New work by Asok Mukhopadhyay and his colleagues from New Delhi, India has compared bone marrow (BM)-derived cells with MSCs as a treatment for liver fibrosis. They used CCl4 to induce liver fibrosis in laboratory mice. Then they treated liver-damaged mice with either BM-CD45 cells or fat-based MSCs.

Liver tests and tissue samples of both sets of mice clearly showed that the BM-CD45 cells did a much job attenuating liver scarring than did the fat derived MSCs. Interestingly, the anti-scarring capacity of the BM-CD45 cells was compromised by the presence of MSCs.
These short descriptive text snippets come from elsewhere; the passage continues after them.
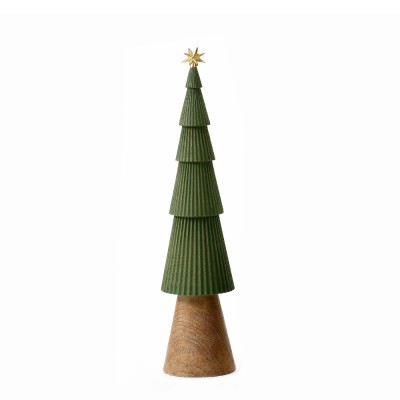 XMAS GREEN TREE L DECO POLYRESIN ΠΡΑΣΙΝΟ ΚΑΦΕ ΧΡΥΣΟ 13x13xH55cm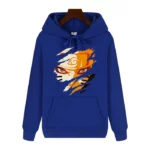 Sweat à capuche bleu Naruto graffiti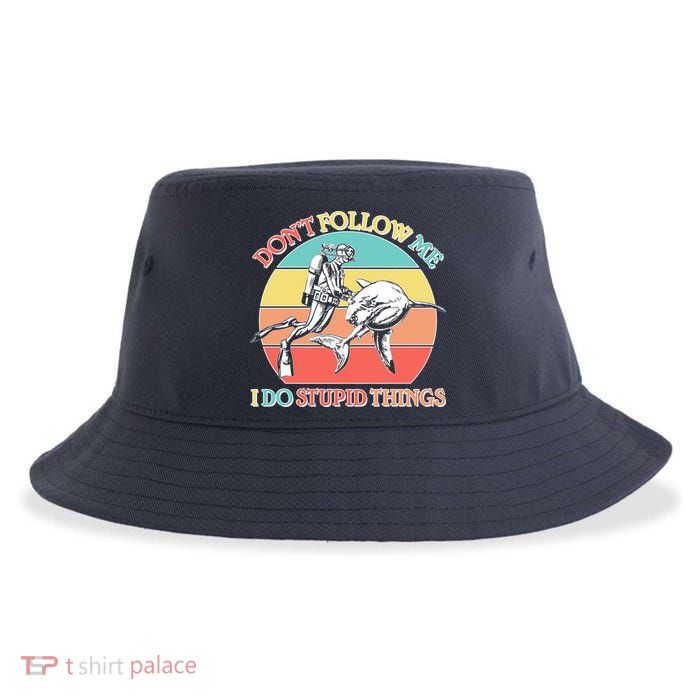 Don't Follow Me I Do Stupid Things Scuba Diver Sustainable Bucket Hat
Why did the BM-CD45 cells do a better job? The bone marrow cells expressed rather high level expressions of matrix metalloproteinases. These enzymes chopped through scar tissue and also suppressed the hepatic stellate cells, which are responsible for making the scar tissue in liver. Apparently, the BM-CD45 cells induced the die off of the stellate cells. MSCs, however, released two growth factors (TGFβ and IGF-1) that are known to activate hepatic stellate cells, and promote the formation of scar tissue. As an added bonus, transplantation of CD45 cells led to functional improvement of the damaged liver, and this functional improvement seems to the result of improved liver repair and regeneration.  Thus transplanted MSCs were pro-scarring while transplanted BM-CD45 cells were pro-regeneration, at least in the liver.

To summarize the results of these experiments, BM-derived CD45 cells appear to be a superior candidate for the treatment of liver fibrosis. The structural and functional improvement of CCl4-damaged livers was substantially better in animals that received transplants of BM-CD45 than those who received fat-derived MSCs.